- [What is needed]:
Leaving the pictures out, transcribe the records below exactly.

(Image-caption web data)
· · · · · · ·

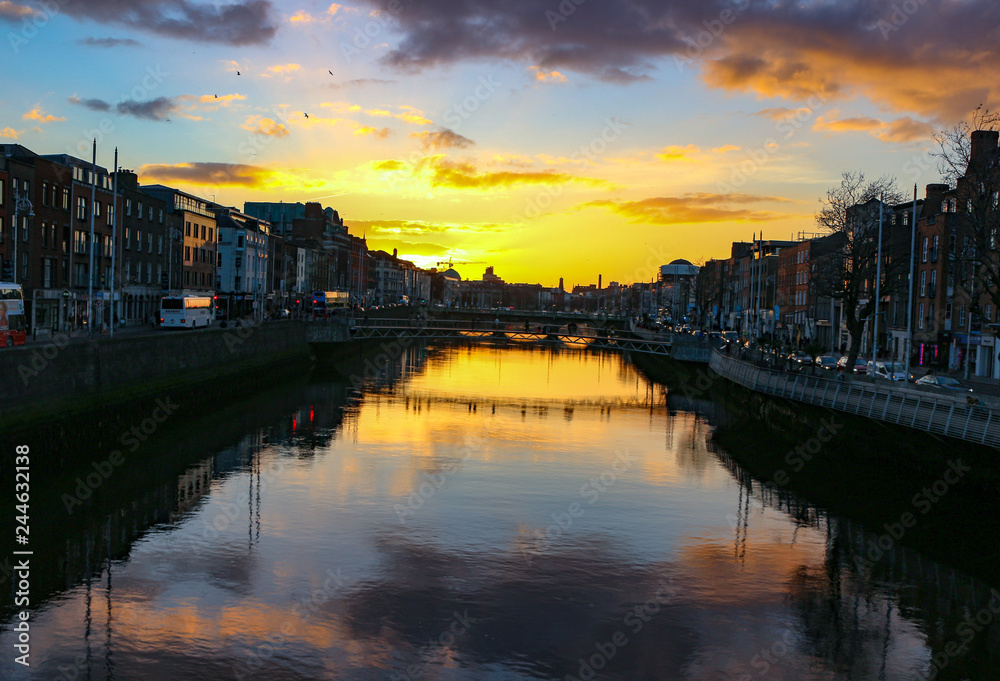 Dublin night scene with Ha'penny bridge and Liffey river lights 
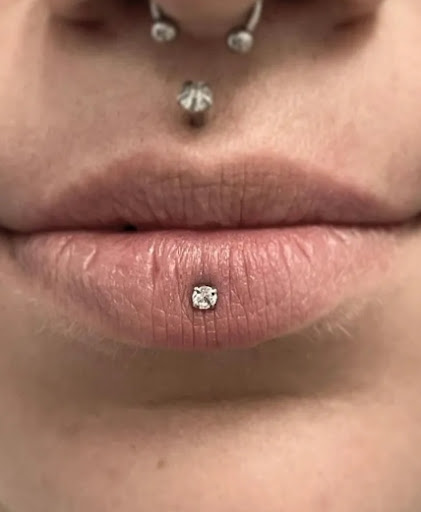 Explore ripped skin tattoo ideas, creative tattoo ideas in Mesa, available at Ranger Tattoo & Piercing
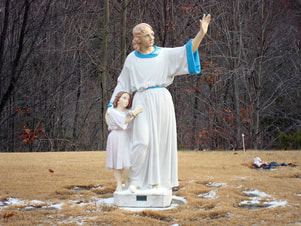 ascended master and child statue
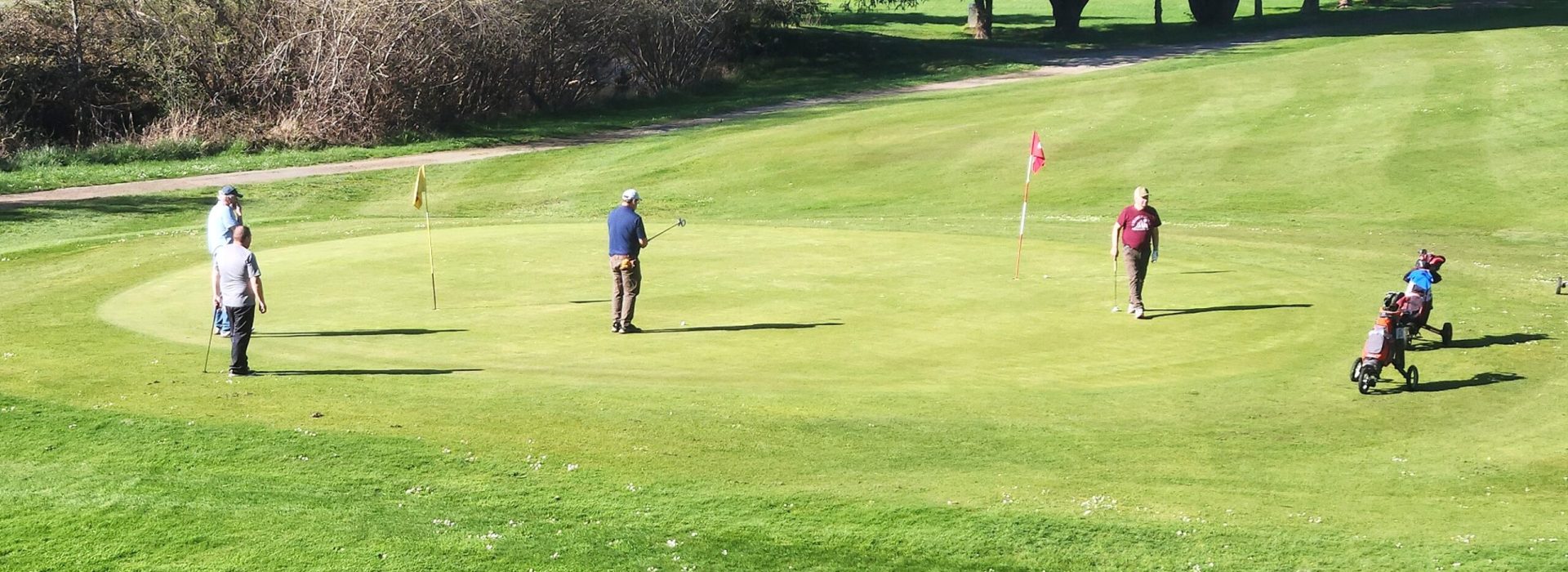 Golfers on the Cedar Bend Golf Course green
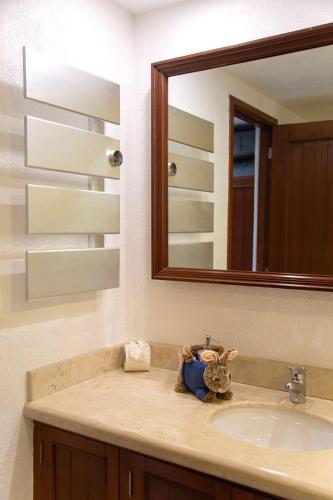 a bathroom with a sink and a mirror at Spacious and elegant vacation home for 6 people in a private condominium in Playa del Carmen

· · · · · · ·

- [Your response]:
 Dublin night scene with Ha'penny bridge and Liffey river lights 
 Explore ripped skin tattoo ideas, creative tattoo ideas in Mesa, available at Ranger Tattoo & Piercing
 ascended master and child statue
 Golfers on the Cedar Bend Golf Course green
 a bathroom with a sink and a mirror at Spacious and elegant vacation home for 6 people in a private condominium in Playa del Carmen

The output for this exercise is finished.